Methanesulfenyl Chloride1

MeSCl

[5813-48-9]  · CH3ClS  · Methanesulfenyl Chloride  · (MW 82.56)

(reacts as a pseudohalogen;1 reacts with carbanions and enolates to add the thiomethyl group a to the carbonyl;2,3 adds across the double bonds of alkenes and allenes;4,5 adds across triple bond of alkynes6,7)

Physical Data: bp 27-28 °C/53-60 mmHg.

Solubility: sol ether, THF, dichloromethane, chloroform, carbon tetrachloride, dimethoxyethane.

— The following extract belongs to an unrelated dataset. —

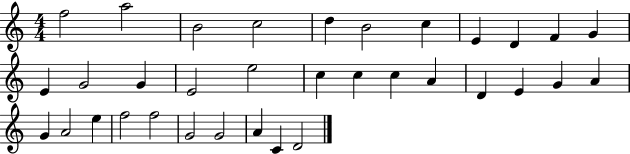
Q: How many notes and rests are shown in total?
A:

Preparative Methods: by treatment of Dimethyl Disulfide at -15 °C with Sulfuryl Chloride, or by treatment of Methanethiol with Chlorine gas in CCl4 at -15 °C.1 The latter procedure may be considered a variation of the former since it involves the intermediate formation of the disulfide. The reagent is not commercially available.

Purification: can be used crude from the above preparations. If purification is necessary it must be distilled at low temperature, under vacuum, due to its instability.

Handling, Storage, and Precautions: undergoes decomposition within 1-2 d even when kept in a refrigerator; lasts less than 1 month when stored at -78 °C.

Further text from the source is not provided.